[Data section — start]

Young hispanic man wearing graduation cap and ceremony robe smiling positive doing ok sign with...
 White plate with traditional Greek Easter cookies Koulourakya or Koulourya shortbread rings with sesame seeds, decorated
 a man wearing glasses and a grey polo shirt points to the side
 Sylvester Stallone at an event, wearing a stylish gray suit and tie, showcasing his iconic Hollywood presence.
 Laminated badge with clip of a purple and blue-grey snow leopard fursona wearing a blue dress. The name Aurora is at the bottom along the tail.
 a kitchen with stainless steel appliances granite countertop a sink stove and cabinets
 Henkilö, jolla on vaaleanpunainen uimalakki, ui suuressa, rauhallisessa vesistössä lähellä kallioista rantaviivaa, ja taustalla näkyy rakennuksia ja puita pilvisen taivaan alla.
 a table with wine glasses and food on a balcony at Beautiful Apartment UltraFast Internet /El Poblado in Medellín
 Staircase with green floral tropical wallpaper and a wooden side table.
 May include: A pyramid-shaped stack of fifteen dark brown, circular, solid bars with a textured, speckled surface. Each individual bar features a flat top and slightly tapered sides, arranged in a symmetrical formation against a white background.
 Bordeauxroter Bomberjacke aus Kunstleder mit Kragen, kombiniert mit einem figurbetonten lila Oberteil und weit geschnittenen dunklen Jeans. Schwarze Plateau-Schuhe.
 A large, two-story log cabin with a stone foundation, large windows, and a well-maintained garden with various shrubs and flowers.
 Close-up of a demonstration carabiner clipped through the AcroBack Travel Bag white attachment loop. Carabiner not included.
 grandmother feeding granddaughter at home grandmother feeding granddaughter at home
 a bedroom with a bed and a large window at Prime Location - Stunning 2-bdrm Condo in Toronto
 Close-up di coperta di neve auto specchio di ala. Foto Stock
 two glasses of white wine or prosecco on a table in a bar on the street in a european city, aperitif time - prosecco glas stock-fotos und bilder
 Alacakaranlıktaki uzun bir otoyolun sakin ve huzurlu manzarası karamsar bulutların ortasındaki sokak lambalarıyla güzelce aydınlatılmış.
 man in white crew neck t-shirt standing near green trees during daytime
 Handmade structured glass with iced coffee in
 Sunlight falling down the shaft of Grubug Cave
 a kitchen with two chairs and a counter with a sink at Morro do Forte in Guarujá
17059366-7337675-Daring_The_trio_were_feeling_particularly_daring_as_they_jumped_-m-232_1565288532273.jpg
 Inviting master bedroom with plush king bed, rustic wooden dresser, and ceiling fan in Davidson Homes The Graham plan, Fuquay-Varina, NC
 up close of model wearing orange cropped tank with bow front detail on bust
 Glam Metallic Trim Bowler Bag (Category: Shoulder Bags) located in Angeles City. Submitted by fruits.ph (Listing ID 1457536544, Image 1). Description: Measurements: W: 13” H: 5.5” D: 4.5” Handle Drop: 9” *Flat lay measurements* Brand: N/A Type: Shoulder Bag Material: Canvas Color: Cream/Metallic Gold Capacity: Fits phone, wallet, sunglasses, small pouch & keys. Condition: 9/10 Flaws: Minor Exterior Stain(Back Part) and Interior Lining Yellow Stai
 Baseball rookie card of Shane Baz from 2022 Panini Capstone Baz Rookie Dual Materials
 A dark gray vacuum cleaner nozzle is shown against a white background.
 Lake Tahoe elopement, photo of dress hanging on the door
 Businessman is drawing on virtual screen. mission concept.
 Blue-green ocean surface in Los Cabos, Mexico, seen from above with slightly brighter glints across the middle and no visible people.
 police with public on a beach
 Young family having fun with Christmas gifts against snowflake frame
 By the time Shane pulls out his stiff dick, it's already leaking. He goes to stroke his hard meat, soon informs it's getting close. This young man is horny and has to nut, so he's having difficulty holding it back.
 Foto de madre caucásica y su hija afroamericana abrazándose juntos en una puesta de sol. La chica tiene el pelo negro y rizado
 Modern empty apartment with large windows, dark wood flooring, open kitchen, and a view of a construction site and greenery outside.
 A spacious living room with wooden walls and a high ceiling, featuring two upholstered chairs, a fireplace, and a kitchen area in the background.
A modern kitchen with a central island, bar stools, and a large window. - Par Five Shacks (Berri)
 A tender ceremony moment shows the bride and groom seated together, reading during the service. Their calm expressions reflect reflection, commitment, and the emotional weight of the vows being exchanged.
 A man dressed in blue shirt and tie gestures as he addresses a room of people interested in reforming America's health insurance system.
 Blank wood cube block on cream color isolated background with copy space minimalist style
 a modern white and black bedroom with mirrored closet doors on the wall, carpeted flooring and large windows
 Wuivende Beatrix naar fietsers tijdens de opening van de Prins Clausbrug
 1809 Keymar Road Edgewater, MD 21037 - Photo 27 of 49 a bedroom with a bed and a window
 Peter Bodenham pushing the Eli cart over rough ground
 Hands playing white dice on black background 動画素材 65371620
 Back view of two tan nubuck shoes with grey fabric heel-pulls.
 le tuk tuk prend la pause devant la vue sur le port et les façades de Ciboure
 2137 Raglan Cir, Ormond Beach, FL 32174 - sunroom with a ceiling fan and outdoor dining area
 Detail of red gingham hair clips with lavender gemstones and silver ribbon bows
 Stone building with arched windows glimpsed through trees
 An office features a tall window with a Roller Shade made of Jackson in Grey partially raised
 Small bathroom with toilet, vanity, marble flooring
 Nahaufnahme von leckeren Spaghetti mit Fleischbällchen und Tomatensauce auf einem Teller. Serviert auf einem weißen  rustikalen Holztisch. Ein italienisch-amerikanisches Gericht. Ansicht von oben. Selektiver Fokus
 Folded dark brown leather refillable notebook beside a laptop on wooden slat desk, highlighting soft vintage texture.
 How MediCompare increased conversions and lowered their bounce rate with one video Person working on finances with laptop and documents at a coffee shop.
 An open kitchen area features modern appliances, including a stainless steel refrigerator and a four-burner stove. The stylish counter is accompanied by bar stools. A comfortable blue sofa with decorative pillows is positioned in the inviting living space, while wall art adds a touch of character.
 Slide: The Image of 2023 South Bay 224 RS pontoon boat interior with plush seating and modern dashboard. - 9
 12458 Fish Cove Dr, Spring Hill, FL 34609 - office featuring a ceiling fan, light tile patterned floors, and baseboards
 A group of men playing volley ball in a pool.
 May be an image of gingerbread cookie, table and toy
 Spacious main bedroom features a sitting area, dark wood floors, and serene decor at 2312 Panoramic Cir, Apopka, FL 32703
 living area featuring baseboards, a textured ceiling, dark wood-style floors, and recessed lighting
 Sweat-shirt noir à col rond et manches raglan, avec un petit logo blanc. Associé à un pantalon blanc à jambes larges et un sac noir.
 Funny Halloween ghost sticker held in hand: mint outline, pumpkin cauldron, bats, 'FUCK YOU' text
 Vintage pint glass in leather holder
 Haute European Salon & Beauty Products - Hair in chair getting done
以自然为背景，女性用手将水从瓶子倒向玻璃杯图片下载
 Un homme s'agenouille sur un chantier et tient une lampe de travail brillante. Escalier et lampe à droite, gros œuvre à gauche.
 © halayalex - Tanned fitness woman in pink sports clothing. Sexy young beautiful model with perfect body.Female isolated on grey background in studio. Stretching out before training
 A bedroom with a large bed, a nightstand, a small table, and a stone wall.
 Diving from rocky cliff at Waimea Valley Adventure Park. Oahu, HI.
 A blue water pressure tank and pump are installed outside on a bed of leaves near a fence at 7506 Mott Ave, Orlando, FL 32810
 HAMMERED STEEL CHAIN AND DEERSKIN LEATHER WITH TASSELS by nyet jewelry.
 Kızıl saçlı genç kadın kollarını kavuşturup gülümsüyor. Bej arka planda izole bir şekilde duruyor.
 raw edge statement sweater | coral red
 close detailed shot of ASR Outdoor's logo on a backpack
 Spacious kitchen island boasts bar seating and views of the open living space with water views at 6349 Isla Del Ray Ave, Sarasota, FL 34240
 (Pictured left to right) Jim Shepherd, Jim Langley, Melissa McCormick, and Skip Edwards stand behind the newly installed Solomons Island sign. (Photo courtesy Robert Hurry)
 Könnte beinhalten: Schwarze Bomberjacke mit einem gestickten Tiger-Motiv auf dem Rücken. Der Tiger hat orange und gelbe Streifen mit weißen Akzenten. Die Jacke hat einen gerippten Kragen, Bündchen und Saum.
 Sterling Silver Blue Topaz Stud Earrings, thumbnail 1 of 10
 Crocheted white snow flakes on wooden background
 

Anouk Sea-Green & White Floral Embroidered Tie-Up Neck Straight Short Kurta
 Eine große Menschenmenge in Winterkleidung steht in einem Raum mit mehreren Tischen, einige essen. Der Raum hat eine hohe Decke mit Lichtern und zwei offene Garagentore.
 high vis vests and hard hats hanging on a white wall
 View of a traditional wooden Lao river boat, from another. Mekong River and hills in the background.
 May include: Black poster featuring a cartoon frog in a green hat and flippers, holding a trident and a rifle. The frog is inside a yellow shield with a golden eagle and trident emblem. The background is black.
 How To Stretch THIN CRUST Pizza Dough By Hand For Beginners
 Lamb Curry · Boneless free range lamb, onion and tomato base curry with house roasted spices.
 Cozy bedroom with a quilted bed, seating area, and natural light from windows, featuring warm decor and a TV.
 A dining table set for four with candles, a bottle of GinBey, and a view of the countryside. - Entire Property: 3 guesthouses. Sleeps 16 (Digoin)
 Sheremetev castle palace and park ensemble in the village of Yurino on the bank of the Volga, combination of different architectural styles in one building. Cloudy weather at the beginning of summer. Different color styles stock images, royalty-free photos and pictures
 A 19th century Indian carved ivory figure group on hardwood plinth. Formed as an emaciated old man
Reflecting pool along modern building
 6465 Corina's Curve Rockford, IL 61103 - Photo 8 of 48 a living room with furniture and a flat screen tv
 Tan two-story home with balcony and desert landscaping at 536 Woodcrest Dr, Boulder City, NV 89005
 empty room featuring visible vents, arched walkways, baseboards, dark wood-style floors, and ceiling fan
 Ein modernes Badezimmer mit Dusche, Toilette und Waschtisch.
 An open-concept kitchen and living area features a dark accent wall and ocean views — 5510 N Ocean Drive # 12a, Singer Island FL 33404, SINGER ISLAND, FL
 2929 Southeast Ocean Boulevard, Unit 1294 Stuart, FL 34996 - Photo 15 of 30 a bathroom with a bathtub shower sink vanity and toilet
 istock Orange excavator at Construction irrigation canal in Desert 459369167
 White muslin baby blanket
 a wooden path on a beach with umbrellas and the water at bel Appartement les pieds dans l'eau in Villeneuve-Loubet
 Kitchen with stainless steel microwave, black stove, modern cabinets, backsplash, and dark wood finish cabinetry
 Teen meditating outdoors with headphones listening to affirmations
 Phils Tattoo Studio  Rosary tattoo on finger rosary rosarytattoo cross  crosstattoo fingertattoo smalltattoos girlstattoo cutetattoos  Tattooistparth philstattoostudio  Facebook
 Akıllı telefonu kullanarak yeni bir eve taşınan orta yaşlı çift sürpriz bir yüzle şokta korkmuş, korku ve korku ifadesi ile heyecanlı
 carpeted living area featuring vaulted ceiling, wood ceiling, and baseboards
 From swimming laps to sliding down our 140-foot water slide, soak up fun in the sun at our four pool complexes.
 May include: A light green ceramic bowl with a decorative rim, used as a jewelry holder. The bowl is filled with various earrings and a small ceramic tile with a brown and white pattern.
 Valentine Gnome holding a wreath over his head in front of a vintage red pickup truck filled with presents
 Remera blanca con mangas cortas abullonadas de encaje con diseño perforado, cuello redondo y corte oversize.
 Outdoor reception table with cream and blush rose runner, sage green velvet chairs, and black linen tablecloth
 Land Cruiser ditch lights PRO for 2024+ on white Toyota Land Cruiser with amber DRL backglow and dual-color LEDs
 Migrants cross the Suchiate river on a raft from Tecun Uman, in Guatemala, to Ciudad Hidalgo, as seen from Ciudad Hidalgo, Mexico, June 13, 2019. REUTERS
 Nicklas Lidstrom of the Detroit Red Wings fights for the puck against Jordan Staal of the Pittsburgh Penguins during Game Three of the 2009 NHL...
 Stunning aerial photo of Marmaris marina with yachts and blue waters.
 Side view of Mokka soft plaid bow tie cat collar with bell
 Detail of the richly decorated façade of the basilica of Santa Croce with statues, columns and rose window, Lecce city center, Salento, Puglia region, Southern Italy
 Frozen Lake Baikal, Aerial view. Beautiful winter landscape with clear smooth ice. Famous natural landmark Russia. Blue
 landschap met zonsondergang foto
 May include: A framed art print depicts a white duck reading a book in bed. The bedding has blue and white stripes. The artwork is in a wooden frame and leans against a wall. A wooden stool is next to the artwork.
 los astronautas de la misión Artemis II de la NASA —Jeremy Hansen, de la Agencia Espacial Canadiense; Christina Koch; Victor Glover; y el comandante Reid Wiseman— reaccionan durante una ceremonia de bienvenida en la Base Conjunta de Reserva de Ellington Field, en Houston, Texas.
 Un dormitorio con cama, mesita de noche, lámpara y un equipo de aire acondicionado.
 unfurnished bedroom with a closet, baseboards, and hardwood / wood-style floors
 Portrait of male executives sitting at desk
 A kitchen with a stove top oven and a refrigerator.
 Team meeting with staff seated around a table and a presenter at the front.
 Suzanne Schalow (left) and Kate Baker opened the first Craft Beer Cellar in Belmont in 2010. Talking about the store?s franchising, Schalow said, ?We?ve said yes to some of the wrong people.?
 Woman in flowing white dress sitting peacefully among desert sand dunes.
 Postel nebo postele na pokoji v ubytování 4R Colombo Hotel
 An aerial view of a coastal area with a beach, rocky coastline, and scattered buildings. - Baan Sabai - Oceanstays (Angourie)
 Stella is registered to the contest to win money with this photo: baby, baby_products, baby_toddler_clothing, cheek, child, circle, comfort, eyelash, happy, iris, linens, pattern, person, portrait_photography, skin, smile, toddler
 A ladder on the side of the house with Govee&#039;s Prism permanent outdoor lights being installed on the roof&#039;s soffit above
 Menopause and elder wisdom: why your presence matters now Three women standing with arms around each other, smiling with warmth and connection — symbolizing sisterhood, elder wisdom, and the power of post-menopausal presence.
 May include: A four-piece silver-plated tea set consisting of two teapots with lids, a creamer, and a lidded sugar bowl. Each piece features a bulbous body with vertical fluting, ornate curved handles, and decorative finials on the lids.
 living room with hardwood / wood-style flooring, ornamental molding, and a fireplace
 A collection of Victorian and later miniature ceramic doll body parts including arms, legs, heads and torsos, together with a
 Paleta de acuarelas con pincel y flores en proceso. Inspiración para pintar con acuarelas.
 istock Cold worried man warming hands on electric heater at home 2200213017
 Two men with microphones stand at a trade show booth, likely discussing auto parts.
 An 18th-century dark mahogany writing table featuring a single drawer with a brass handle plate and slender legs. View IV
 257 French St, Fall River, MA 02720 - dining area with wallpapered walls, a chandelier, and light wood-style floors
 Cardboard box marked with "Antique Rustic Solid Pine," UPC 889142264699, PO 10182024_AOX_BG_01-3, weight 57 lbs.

[Data section — finish]

Scan the records above and show every line in which the word "model" occurs.

 up close of model wearing orange cropped tank with bow front detail on bust
 © halayalex - Tanned fitness woman in pink sports clothing. Sexy young beautiful model with perfect body.Female isolated on grey background in studio. Stretching out before training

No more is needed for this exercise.